Wednesday, November 21, 2012

Thursday November 22 Housing and Economic stories


TOP STORIES:

Regulators Investigate SunTrust Bank for Fraud - (www.teribuhl.com) A mid-size bank touted as a growth stock by analyst this year is under SEC investigation for selling billions of Alt-A loans labeled as Prime loans to Fannie Mae. I reported on the SEC investigation into SunTrust Bank today at Growth Capitalist. According to whistleblowers, Atlanta-based SunTrust took advantage of a Fannie Mae program designed for the bank’s best of the best borrowers. They called it the Agency Shortcut Mortgage. In 2006, with pressure to keep earnings up as banks like Countrywide were laps head in earnings from resi mortgage origination, borrowers with good credit scores became a target for fraud by SunTrust. The bank needed high credit scores to get entry into the Agency Shortcut Mortgage program but after that SunTrust staff could manipulate the income and assets of the borrowers and force the GSE program to buy the loan.

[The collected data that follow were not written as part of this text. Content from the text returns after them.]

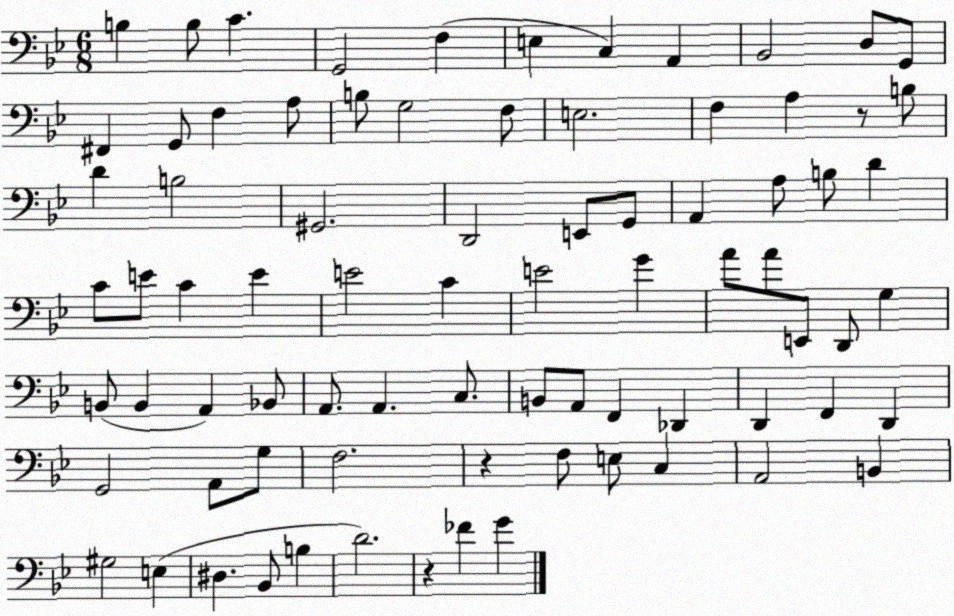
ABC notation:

X:1
T:Untitled
M:6/8
L:1/4
K:Bb
B, B,/2 C G,,2 F, E, C, A,, _B,,2 D,/2 G,,/2 ^F,, G,,/2 F, A,/2 B,/2 G,2 F,/2 E,2 F, A, z/2 B,/2 D B,2 ^G,,2 D,,2 E,,/2 G,,/2 A,, A,/2 B,/2 D C/2 E/2 C E E2 C E2 G A/2 A/2 E,,/2 D,,/2 G, B,,/2 B,, A,, _B,,/2 A,,/2 A,, C,/2 B,,/2 A,,/2 F,, _D,, D,, F,, D,, G,,2 A,,/2 G,/2 F,2 z F,/2 E,/2 C, A,,2 B,, ^G,2 E, ^D, _B,,/2 B, D2 z _F G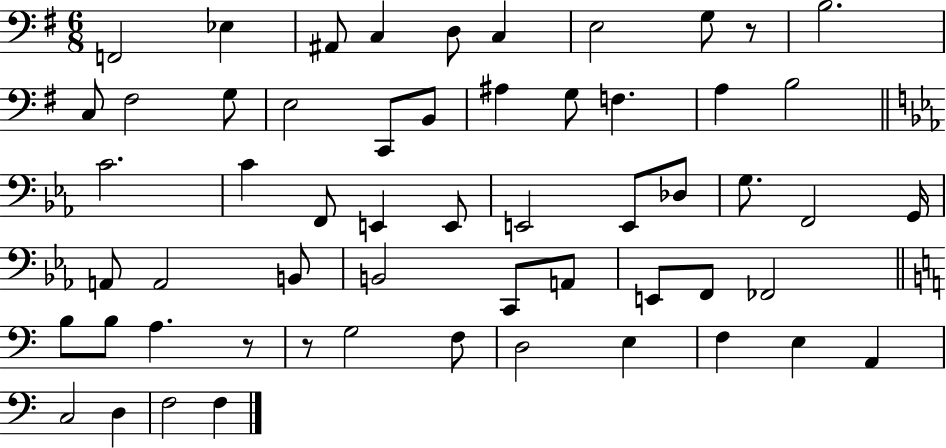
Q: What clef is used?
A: bass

The whistleblower complaint alleges SunTrust did this in the billions from 06 to early 08.

Hurricane Sandy Sets the Stage for Insurance Battles - (www.thestreet.com) The pain following Hurricane Sandy is just beginning as millions of policyholders discover their insurance will not cover a majority of the damage done by the storm. Most of the destruction from the super storm has been caused not by hurricane winds, but by severe flooding from the tidal surge. But traditional homeowner policies do not cover floods. Flood insurance needs to be purchased separately from the government's National Flood Insurance Program. This may come as a rude shock to victims of the disaster, as it did years ago to the victims of the devastating Hurricane Katrina. At the time, hundreds of policyowners dragged insurance carriers to court, arguing that their policy covered damage caused by wind and that the damage to their homes from the catastophic flood was really nothing more than that caused by "wind-driven rain." =Unfortunately, the law came firmly on the side of the carriers. Courts ruled that so long as the damage is caused by flooding, whether by wind or not, insurers were not liable. Despite the experience of Katrina and numerous examples of widespread devastation caused by floods, less than 15% of homeowners nationwide have taken up flood insurance, according to industry data.

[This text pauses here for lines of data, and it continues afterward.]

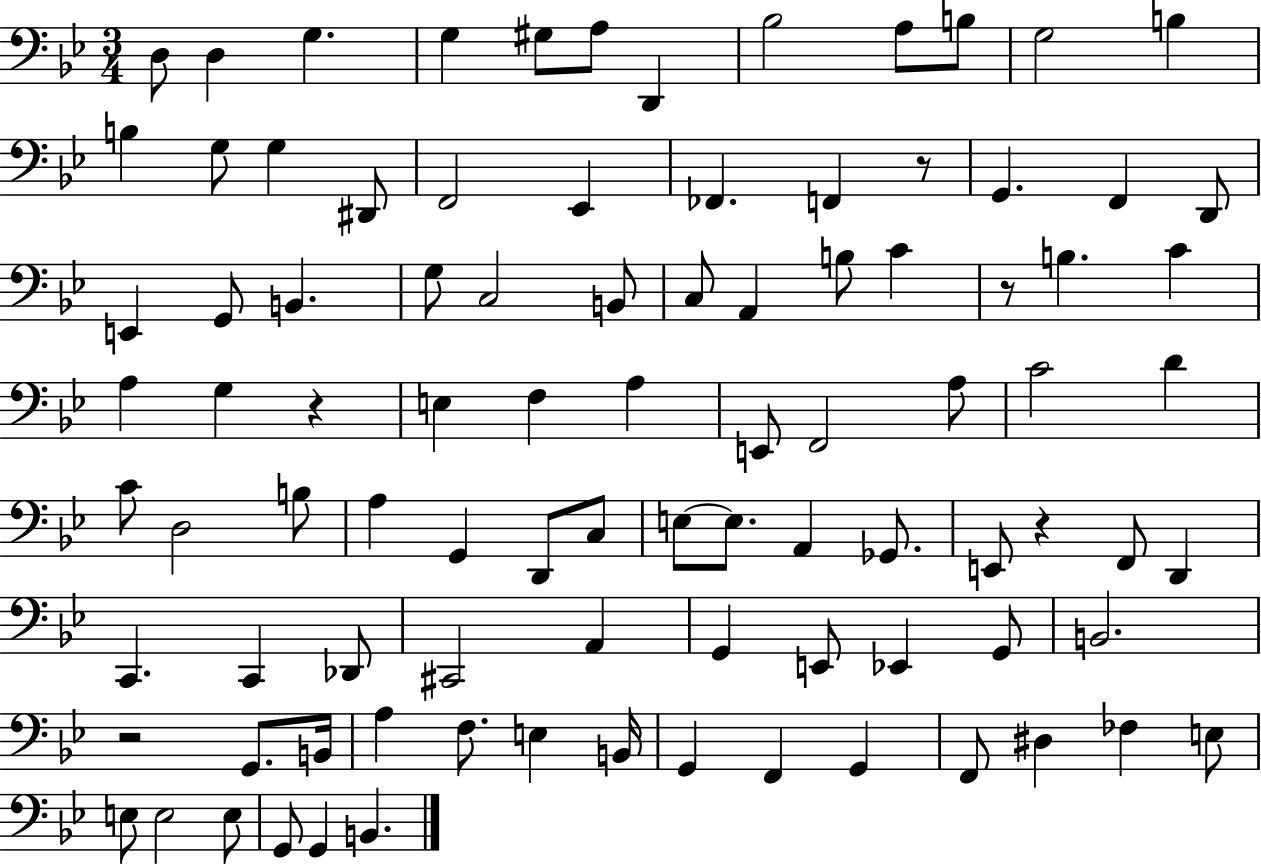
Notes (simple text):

D3/e D3/q G3/q. G3/q G#3/e A3/e D2/q Bb3/h A3/e B3/e G3/h B3/q B3/q G3/e G3/q D#2/e F2/h Eb2/q FES2/q. F2/q R/e G2/q. F2/q D2/e E2/q G2/e B2/q. G3/e C3/h B2/e C3/e A2/q B3/e C4/q R/e B3/q. C4/q A3/q G3/q R/q E3/q F3/q A3/q E2/e F2/h A3/e C4/h D4/q C4/e D3/h B3/e A3/q G2/q D2/e C3/e E3/e E3/e. A2/q Gb2/e. E2/e R/q F2/e D2/q C2/q. C2/q Db2/e C#2/h A2/q G2/q E2/e Eb2/q G2/e B2/h. R/h G2/e. B2/s A3/q F3/e. E3/q B2/s G2/q F2/q G2/q F2/e D#3/q FES3/q E3/e E3/e E3/h E3/e G2/e G2/q B2/q.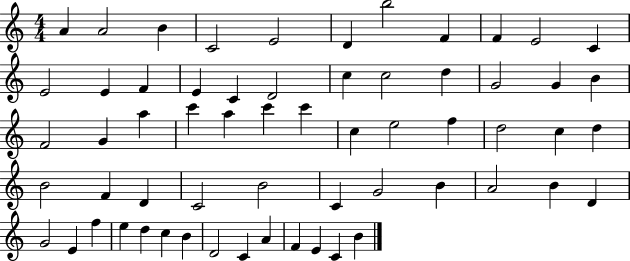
X:1
T:Untitled
M:4/4
L:1/4
K:C
A A2 B C2 E2 D b2 F F E2 C E2 E F E C D2 c c2 d G2 G B F2 G a c' a c' c' c e2 f d2 c d B2 F D C2 B2 C G2 B A2 B D G2 E f e d c B D2 C A F E C B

U.S. Offers Mortgage Relief to Homeowners Hurt by Sandy - (www.bloomberg.com) The U.S. Department of Housing and Urban Development has ordered a 90-day moratorium on foreclosures for homeowners with federally insured mortgages in four states recovering from superstorm Sandy. The agency is also allowing officials in Rhode Island, Connecticut, New York, and New Jersey to re-allocate federal housing funds toward services for survivors of the disaster. “Families who may have been forced from their homes need to know that help is available to begin the rebuilding process,” said HUD Secretary Shaun Donovan, who visited storm victims who live in public housing in New York over the weekend. Through the Federal Housing Administration, an arm of HUD, residents of the four states also can obtain as much as 100 percent financing to rebuild their houses or purchase new homes.

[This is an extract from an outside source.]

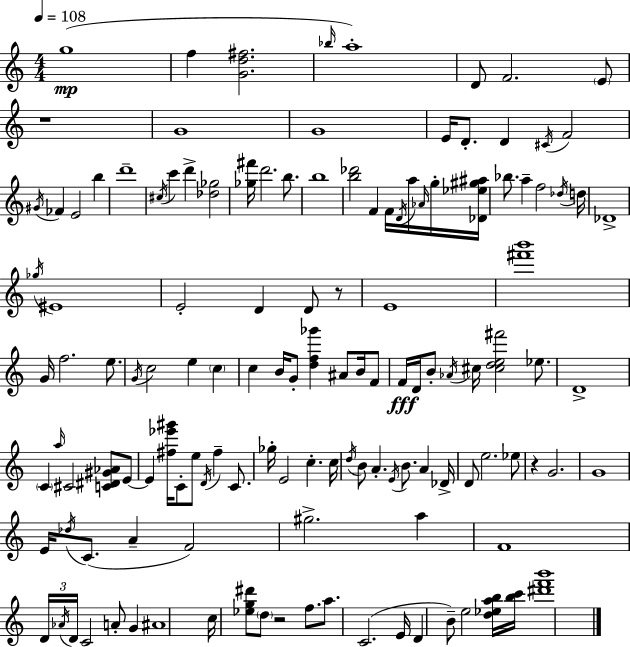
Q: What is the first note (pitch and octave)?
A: G5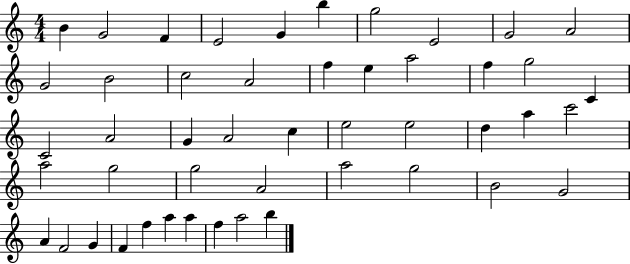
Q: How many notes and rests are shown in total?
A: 48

EU to predict dire 2013 for Spain: report - (www.reuters.com) The European Commission is to forecast Spain's economy will be almost as dire next year as this, a newspaper said on Tuesday, raising the pressure for a euro zone bailout and undermining government promises that 2012 will mark the low point. Neither the Commission nor Spain's economy ministry would confirm the report in El Pais that Brussels will predict an improvement only in 2014 when it officially announces its autumn forecasts on Wednesday. Prime Minister Mariano Rajoy said Spain would return to growth in 2014, the same year forecast by the Commission according to El Pais, which cited a draft document.

Iceland Sees Bubble Threat From Foreign Cash: Mortgages - (www.bloomberg.com) Iceland’s lawmakers are searching for ways to keep their economy from lurching into another asset bubble as offshore investors forced to keep their money in the country channel it into the housing market. Apartment prices have soared 17 percent since April 2010 and are now just 1.7 percent below the pre-crisis peak in March 2008, Statistics Iceland estimates. The boom stems from currency restrictions imposed in 2008 to prevent the collapse of the Krona after the country’s biggest banks defaulted on $85 billion of debt. While those controls helped cauterize a capital exodus and propel a recovery, it left about $8 billion in offshore kronur that can only flow into Icelandic assets, inflating demand for housing and mortgage bonds. The government is now seeking to correct the imbalances, which risk plunging the island into yet another boom-bust cycle just four years after the banking industry dragged the economy through its worst recession since World War II.